- **Records for the exercise**:

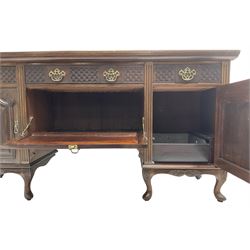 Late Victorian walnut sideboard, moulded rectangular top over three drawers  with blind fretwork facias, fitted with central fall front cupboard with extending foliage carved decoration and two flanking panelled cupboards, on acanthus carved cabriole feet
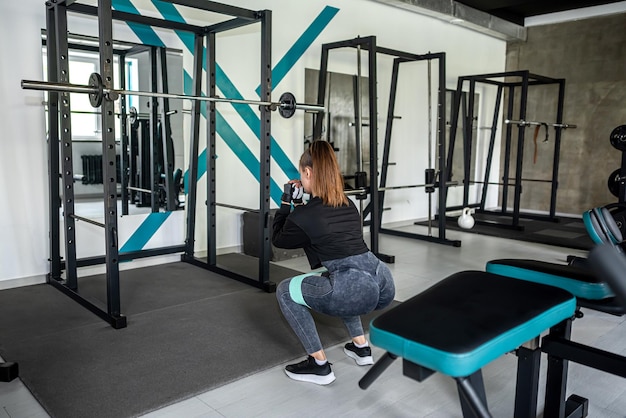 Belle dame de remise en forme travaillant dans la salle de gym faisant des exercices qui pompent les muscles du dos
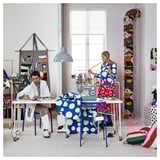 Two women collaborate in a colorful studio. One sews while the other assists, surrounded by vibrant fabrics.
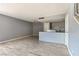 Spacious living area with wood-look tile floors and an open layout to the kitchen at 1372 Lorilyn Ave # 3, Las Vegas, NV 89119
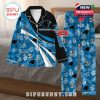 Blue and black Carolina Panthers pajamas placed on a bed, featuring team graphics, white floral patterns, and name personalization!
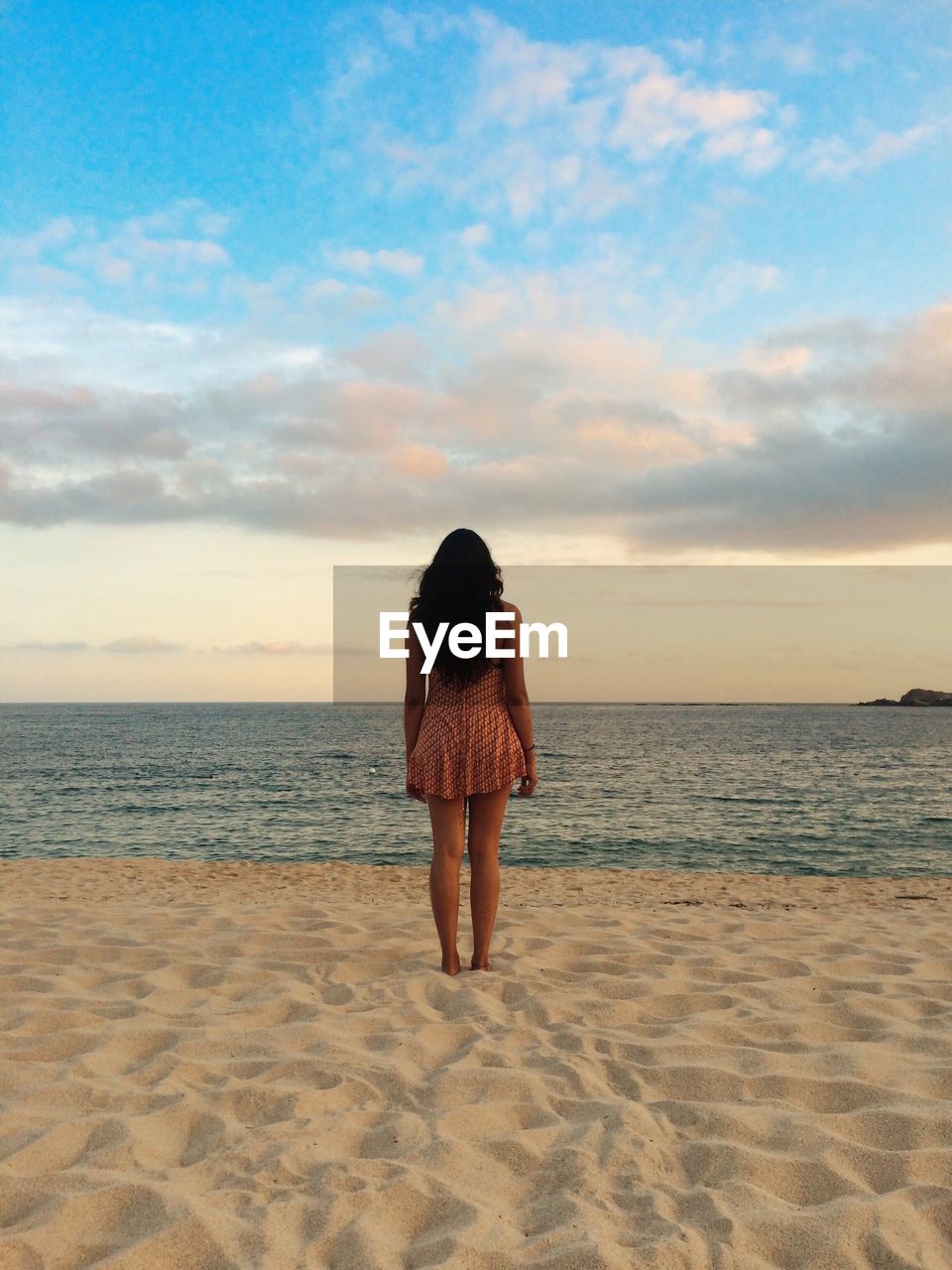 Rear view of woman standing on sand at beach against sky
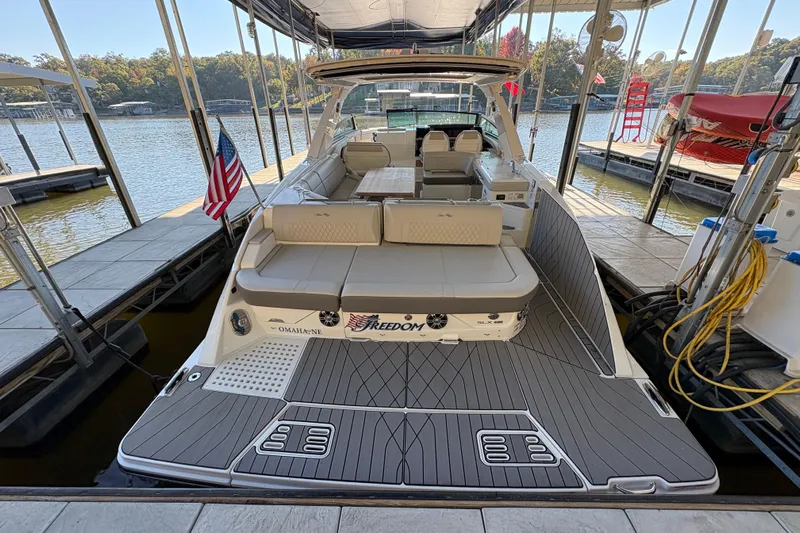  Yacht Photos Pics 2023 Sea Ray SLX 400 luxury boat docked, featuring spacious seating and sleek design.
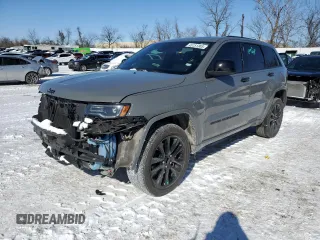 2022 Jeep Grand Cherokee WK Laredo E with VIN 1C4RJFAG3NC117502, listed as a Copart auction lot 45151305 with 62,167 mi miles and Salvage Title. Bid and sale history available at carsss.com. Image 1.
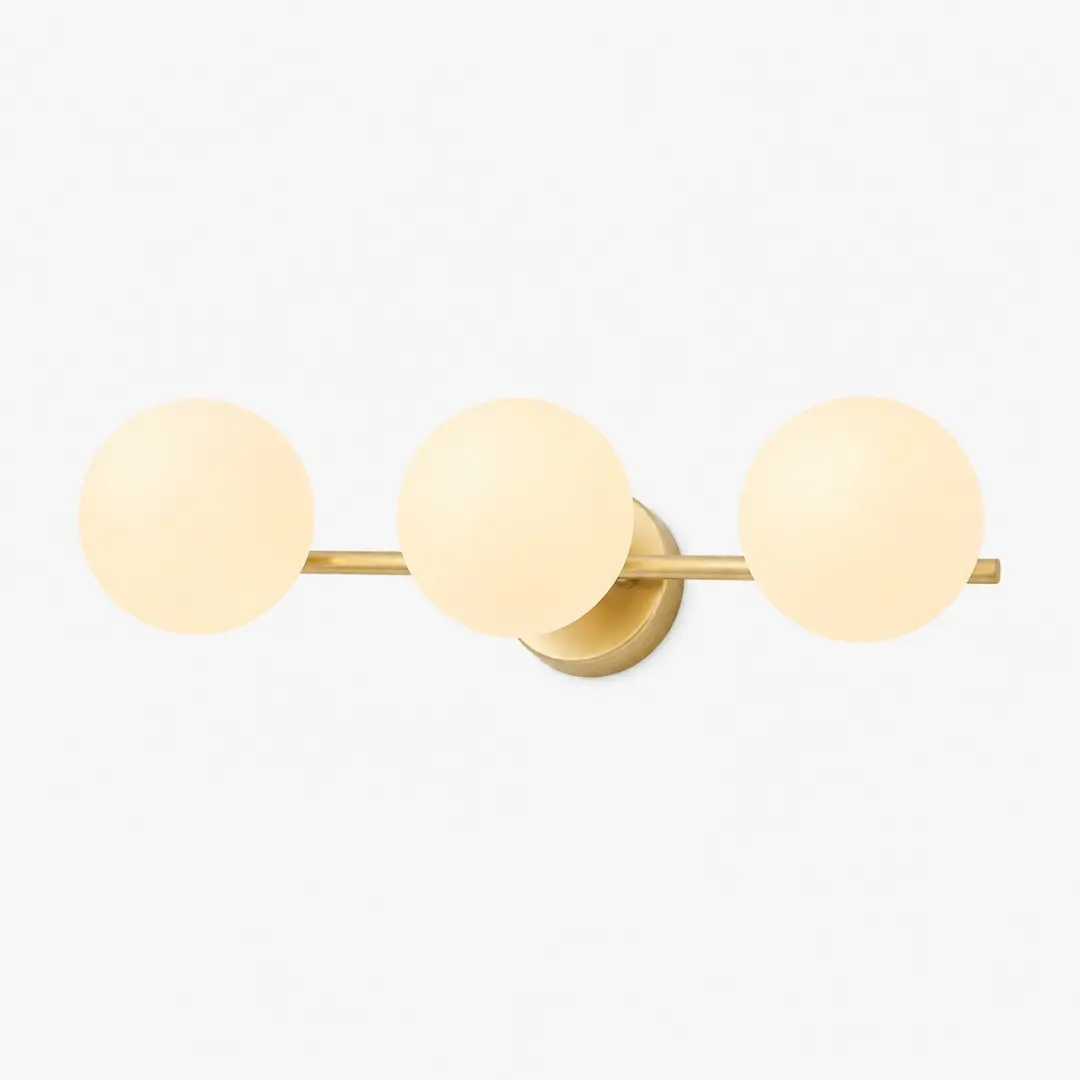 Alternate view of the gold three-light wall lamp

* * *

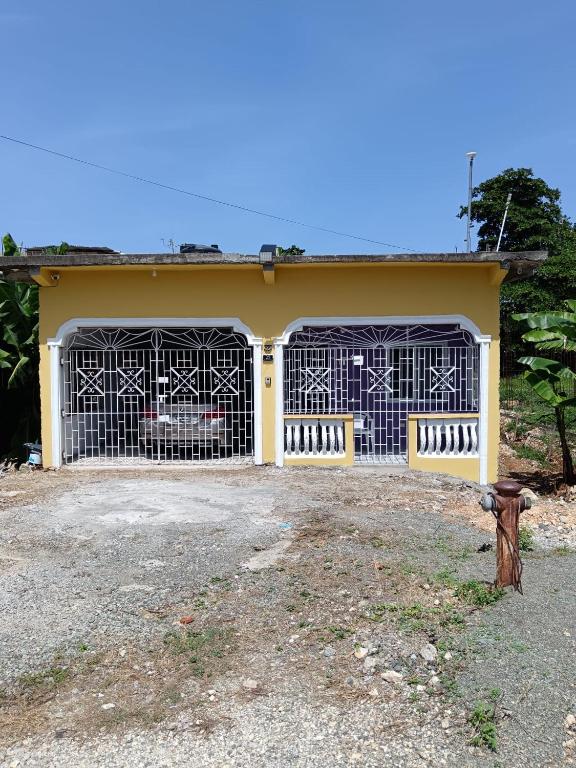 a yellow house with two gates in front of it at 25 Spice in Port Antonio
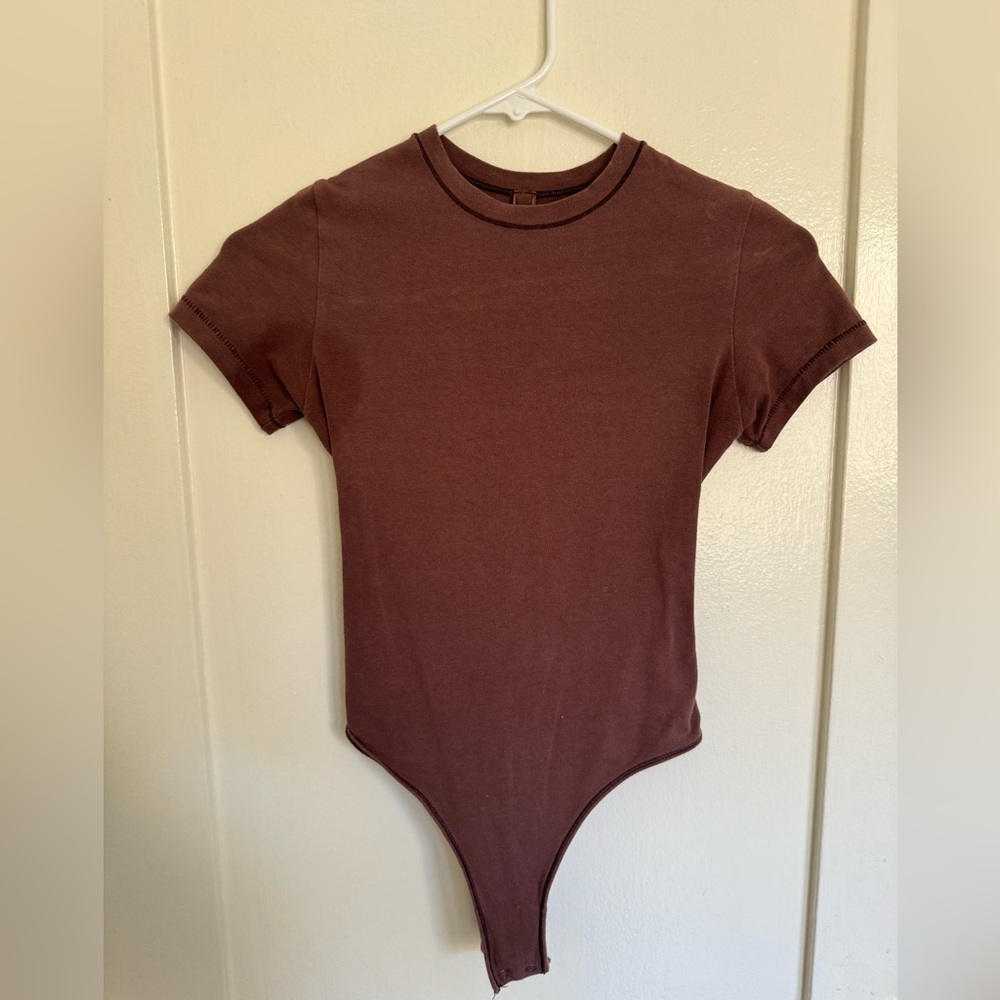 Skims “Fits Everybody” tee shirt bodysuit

* * *

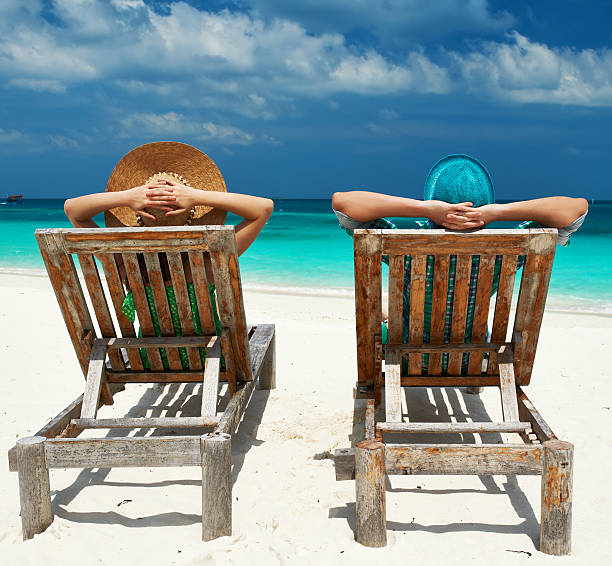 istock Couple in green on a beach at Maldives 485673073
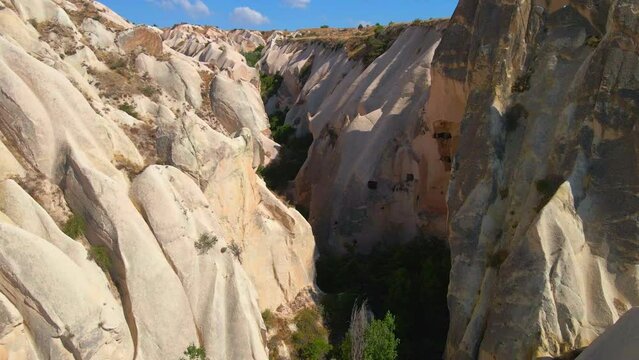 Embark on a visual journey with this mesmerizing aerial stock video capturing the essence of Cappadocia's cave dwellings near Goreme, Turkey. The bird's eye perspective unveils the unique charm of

- **Activity**: Output only the lines above from the line that holds "Belle dame de" through the line that holds "Two women collaborate", both ends included, and exclude pictures.

- **Your response**:
 Belle dame de remise en forme travaillant dans la salle de gym faisant des exercices qui pompent les muscles du dos
 Two women collaborate in a colorful studio. One sews while the other assists, surrounded by vibrant fabrics.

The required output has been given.